The blend of incomes and ages, of young professionals, artists, mid-career executives and retirees, has made downtown "one of the most diverse neighborhoods in the region," according to Rochester Downtown Development Corp. Those without children still dominate the Center City population, said RDDC President Heidi Zimmer-Meyer. But, "we are beginning to see more baby strollers and there are children, because we see school buses stopping in front of buildings."

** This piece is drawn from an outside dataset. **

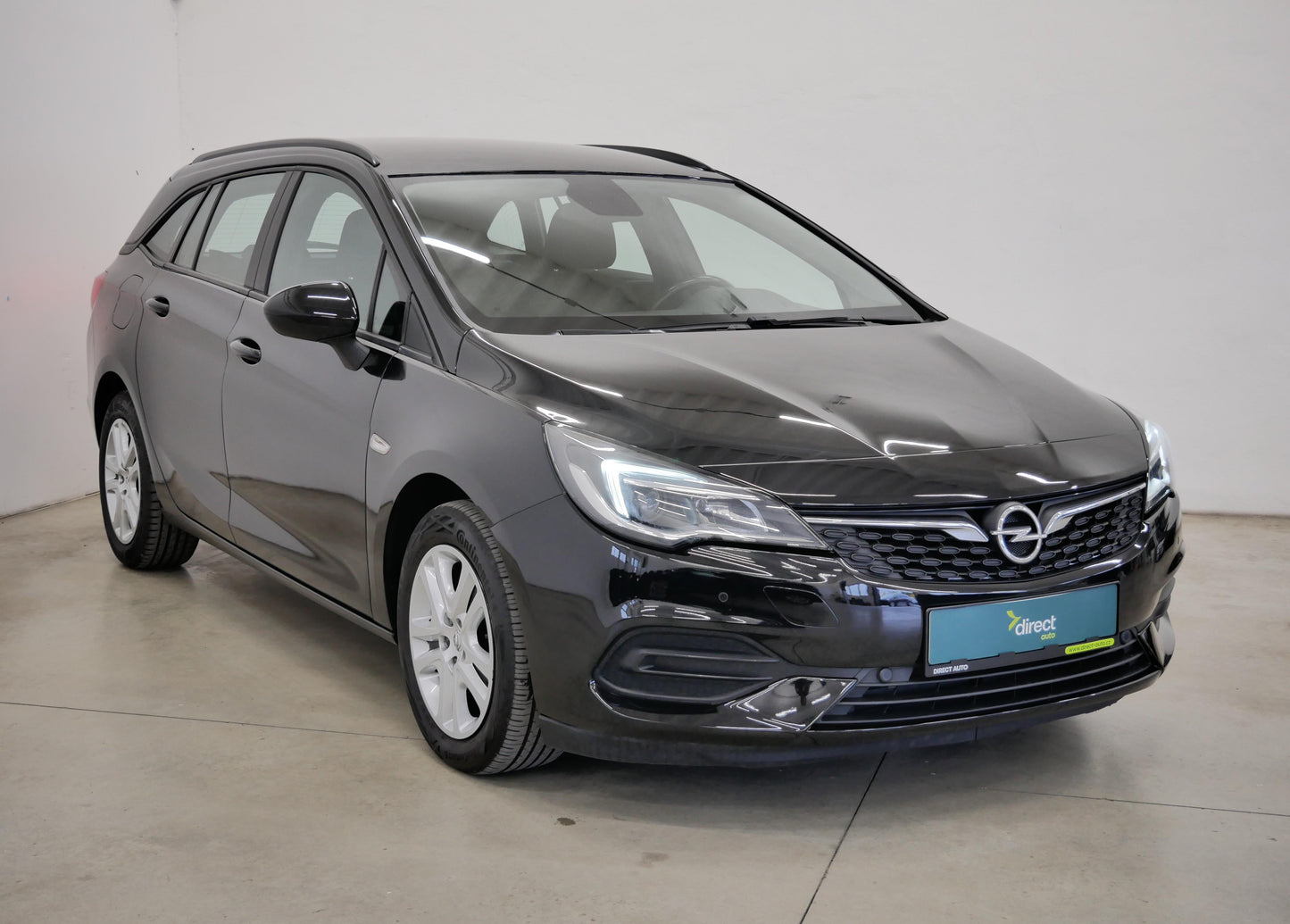 Opel Astra Sports Tourer 1.5 CDTI 90 kW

The city has tried to attract homeownership to the Center City, with little success. The city's Choice Program had enrolled just 36 homeowners over the past decade, granting tax breaks for properties with an average assessed value of $316,840 — more than twice the median home value for the region. Currently, more than 96 percent of housing downtown is rental, according to the city. Demand for housing continues to grow, according to a recent market survey by Rochester Downtown Development. Vacancy stood at 2.3 percent in 2015. Conversion of 48 buildings to mixed-use/residential have begun or been completed, plus nine new projects.
High-end units with amenities are going quick, where the middle-market units are harder to fill, Massachi said. There is demand for more bedrooms, presenting a challenge to get financials to work as developers can push more studio and one-bedroom units onto a floor than two-bedroom.
An estimated 7,000 people live in the Center City, with RDDC projecting 3,000 will move in over the next three or four years.
Claritas data is less optimistic. Population growth in 14604 and 14614 — which increased by 7 percent for 2010-17 — is projected to slow to 4 percent over the next five years. These measures are inexact, however, leaving out 14607, which encompasses the easternmost edge of downtown and extends to Culver Road.